(DATASET EXTRACT begins)

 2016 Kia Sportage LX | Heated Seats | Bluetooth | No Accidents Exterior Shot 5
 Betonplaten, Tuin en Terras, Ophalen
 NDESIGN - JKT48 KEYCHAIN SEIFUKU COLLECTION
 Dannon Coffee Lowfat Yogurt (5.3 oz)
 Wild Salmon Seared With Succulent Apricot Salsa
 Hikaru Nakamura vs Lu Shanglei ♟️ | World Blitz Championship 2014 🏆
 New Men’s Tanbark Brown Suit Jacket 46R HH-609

(DATASET EXTRACT ends)

- **ASSIGNMENT**
Copy the lines above exactly, beginning at the line containing "Hikaru Nakamura vs" and stopping at the last line.

- **COMPLETED TASK**
 Hikaru Nakamura vs Lu Shanglei ♟️ | World Blitz Championship 2014 🏆
 New Men’s Tanbark Brown Suit Jacket 46R HH-609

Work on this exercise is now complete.